Captioned web image data:
════════════════

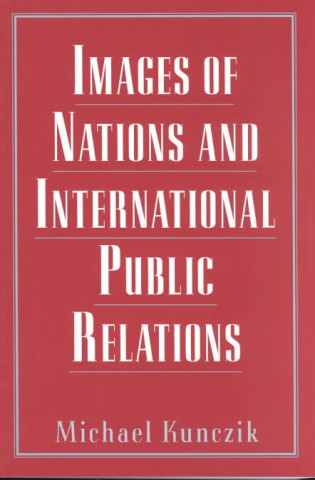 Carte Images of Nations and International Public Relations Michael Kunczik
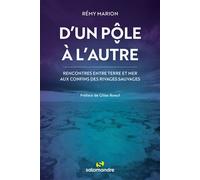 D'un pôle à l'autre - Rémy Marion - La Salamandre - broché - Roman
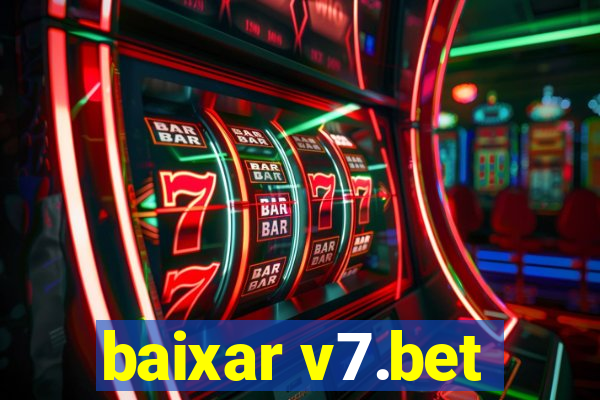 baixar v7.bet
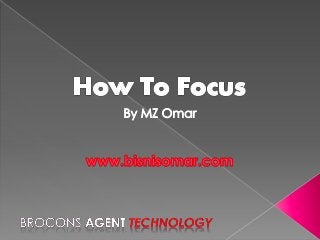 How to focus by MZ Omar Sekolah Bisnis 1 Milyar SB1M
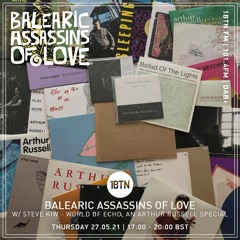 Balearic Assassins Of Love - World Of Echo, An Arthur Russell Special with Steve KIW - 27.05.2021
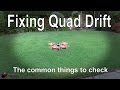 RC Quick Tip: Fixing Quadcopter Drift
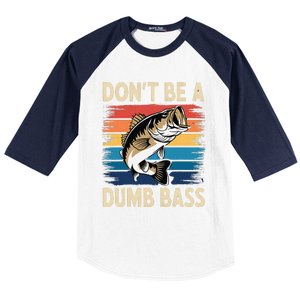 Don’T Be A Dumb Bass Retro Fishing Humor Baseball Sleeve Shirt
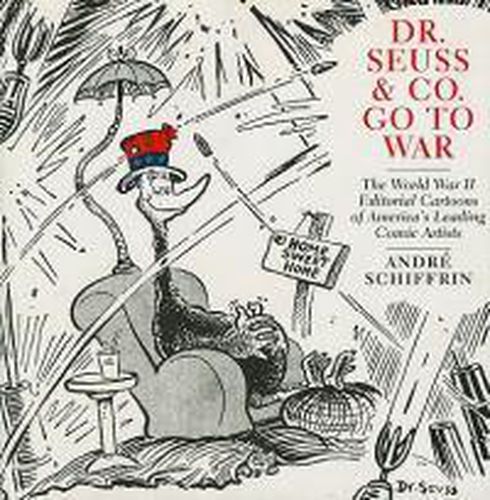 Dr Seuss & Co. Go To War: The World War II Editorial Cartoons of America's Leading Comic Artists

════════════════

ASSIGNMENT: Without including the pictures, return each record above exactly as it stands.

ANSWER AREA:
 Carte Images of Nations and International Public Relations Michael Kunczik
 D'un pôle à l'autre - Rémy Marion - La Salamandre - broché - Roman
 baixar v7.bet
 How to focus by MZ Omar Sekolah Bisnis 1 Milyar SB1M
 Balearic Assassins Of Love - World Of Echo, An Arthur Russell Special with Steve KIW - 27.05.2021
 RC Quick Tip: Fixing Quadcopter Drift
 Don’T Be A Dumb Bass Retro Fishing Humor Baseball Sleeve Shirt
 Dr Seuss & Co. Go To War: The World War II Editorial Cartoons of America's Leading Comic Artists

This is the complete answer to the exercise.